The Vanuatu Cultural Museum was jam-packed with fascinating displays of exotic headdresses, slit drums as tall as totem poles, body decorations and musical instruments--most of which are still used on outlying islands today. We were captivated by the sand drawing, which tells an entire story in a picture created without ever lifting the finger from the sand.



Edgar is telling the story while he draws
One of the final drawings;
they are breathtakingly beautiful, then swept away in an instant by shaking the 'sandbox'

Edgar also played a haunting melody on a long bamboo flute
and the Vanuatu national anthem on a type of marimba.
He wanted to learn an American song,
so we taught him "America the Beautiful".



Kava in Vanuatu is stronger than kava in Fiji, and we were curious about it. Rather than go to a downtown kava bar, we ended up making our way to a very tiny local nakamal up in the hills past the city--not a place that travelers would normally ever find. Neighborhood kava bars have a blue light on in the evening to indicate their business, but everything else is dark (to encourage maximum relaxation)--so unfortunately I don't have a photo. But it sure was a unique experience, being welcomed into their world and given more kava than we arranged for! (Once again a Paul Simon lyric came to mind: Still crazy after all these years...)

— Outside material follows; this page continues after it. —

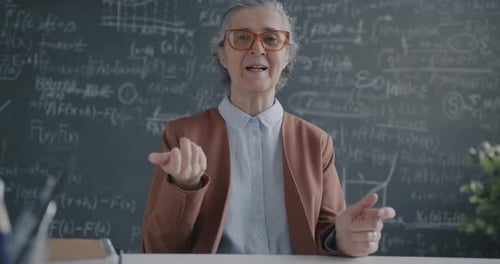 Woman Teacher Explaining Math Problems in Classroom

But the clock is ticking. It's a long way to New Zealand--where Second Wind will again spend the cyclone season--and the safe sailing time is drawing to a close; we must move on. We will head to New Caledonia, unfortunately not for exploration--not enough time for that--but for staging the tough passage to New Zealand from a place that's a little closer and offers a better wind angle than departing from Vanuatu. New Cal is reputedly very beautiful, though, so I hope to at least post a few photos from there! 

Vanuatu: Tanna Island


AWESOME!!!


Since we'd lost almost a month waiting for a part and then for weather, we considered skipping Vanuatu. The chance to get to the edge of one of the world's most accessible active volcanoes reeled us in, though--and we were glad it did!
"Is this really a good idea?"
We couldn't help but wonder, approaching Tanna Island
and watching the volcano belch smoke and steam
Anchored in a nearby bay,
we could watch spontaneous steam vents
and geysers erupt...
...and both see & hear explosions from our boat






















Mt. Yasur is considered a spiritual place, and visitors are welcomed by a ceremony that includes asking for and being granted permission to ascend.


This beautiful woman placed leis on every visitor...
...followed by traditional dancing and singing
After being packed into 4WD trucks and jostling almost to the rim, we hiked the rest of the way to the top and sat near the edge as the sun set and Yasur's eruptions became increasingly brilliant in the growing darkness. Spectacular explosions, deafening roars, rumbling earth--sight, sound, sensation: a peak experience in every way.









The other main reason to explore Vanuatu is its array of fascinating cultural customs. One of these is the John Frum movement, of which Tanna is the focal point. After seeing large quantities of cargo accompanied by black American soldiers in WWII, a 'cargo cult' formed that believed  John "From" America would return and bring material wealth to his followers. During the day multiple American flags fly in the main John Frum village, but we visited on a Friday night so we could attend the weekly religious ceremony. Devotions consisted of rotating clusters of worshippers--men in the center with guitars, women around the periphery clapping--singing songs about God. It was more subdued than we expected, but with some people wearing grass skirts swaying on the sidelines and the volcano frequently rumbling nearby, it was suitably intriguing.
(not a good photo, but a flash would have been inappropriate)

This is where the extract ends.